All state-run hatcheries in Washington have an “escapement goal” for the number of adult salmonids they hope to see return each year. Those adult salmon and steelhead are then used for artificial reproductive efforts at the hatchery. In recent years many runs have come in well short of those escapement goals, which creates a pinch for hatchery managers as they try to keep production numbers high enough to see elevated returns of the region’s big fish of choice.
But some years, on some rivers, more fish make their way back to the hatcheries than operators can use.

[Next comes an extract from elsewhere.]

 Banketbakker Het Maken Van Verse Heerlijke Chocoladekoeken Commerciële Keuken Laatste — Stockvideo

In those instances the surplus fish are scooped up, packed into a tanker truck, and delivered to a nearby lake or pond in order to give anglers a chance for an oversized fish in an undersized body of water.
Over the last three weeks South Cowlitz County has been the beneficiary of those shipments of big fish. In this case, all of the shipments consisted of surplus steelhead weighing around 10 pounds each.

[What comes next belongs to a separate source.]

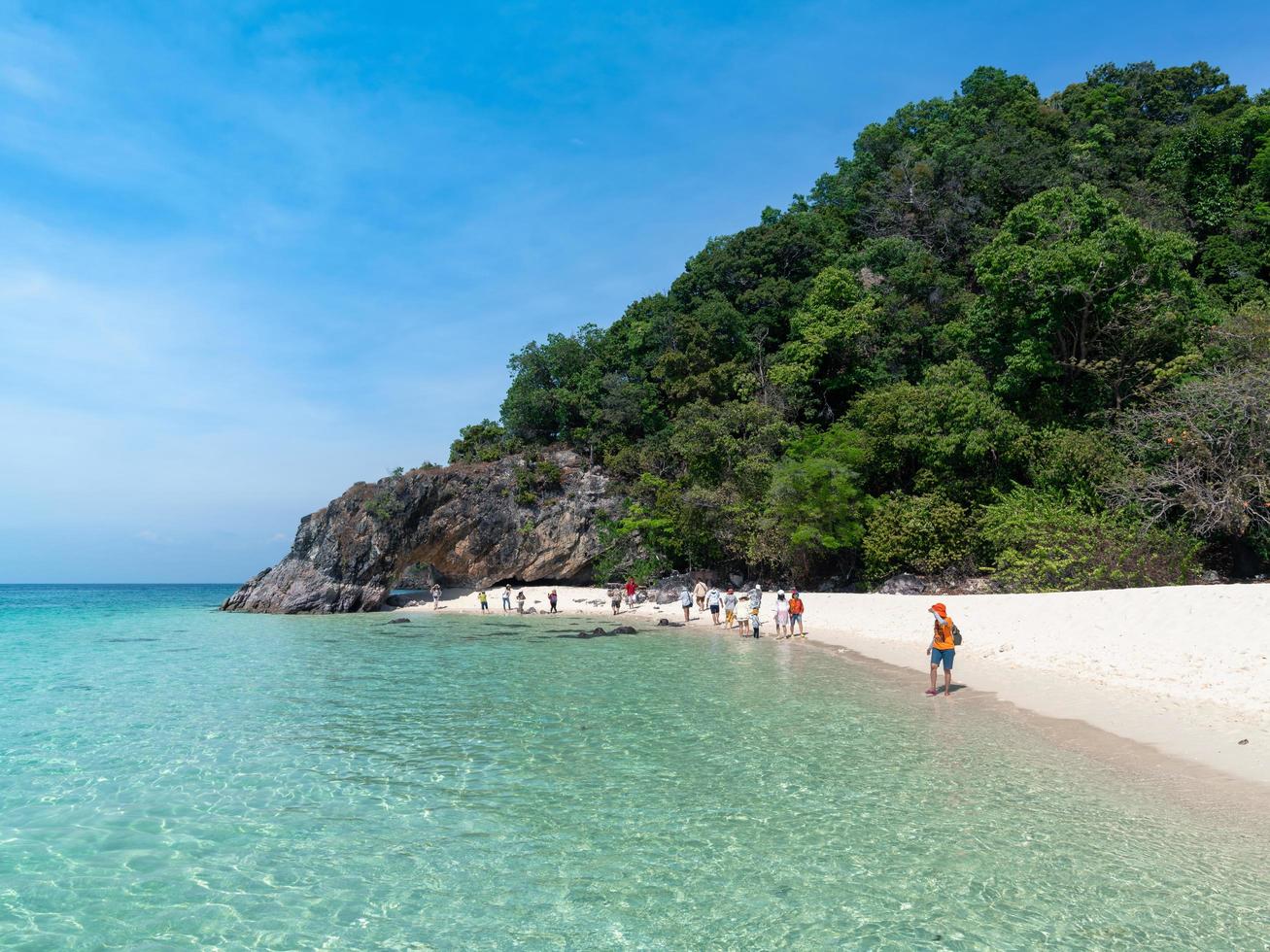 satun, tailandia - 3 de marzo de 2021 playa azul cristalina con puerta curva de piedra en la isla khai o koh khai con muchos turistas, provincia de satun tailandia, parada en el camino a la isla lipe foto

On Feb. 1, Kress Lake received a delivery of six steelhead that buffered a shipment of eight steelies on Jan. 25. About ten miles to the south, Horseshoe Lake received a total of 91 lunker steelhead between Jan. 20 and Jan. 29.
So, if you’re a big dreamer who believes that bigger and better things lie just beyond the banks of your hometown, then by all means test your luck and try to find yourself a bigger pond to make your mark. But remember, that’s exactly what those steelhead were trying to do when they left their headwaters for the endless promise of the Pacific Ocean. And we all know how that wound up for those big dreamers.
For the rest of us, there’s plenty of reward to be found lurking between the banks of the same old waters we’ve always known.
Fishing on and along the Lower Columbia River continues to experience a bit of a slump as we tread water between true winter steelhead and spring Chinook salmon seasons. Regardless, anglers on the big river are allowed to keep up to six salmonids per day between Buoy 10 and the I-5 Bridge in Vancouver. Two of those keepers may be adult hatchery Chinook or hatchery steelhead.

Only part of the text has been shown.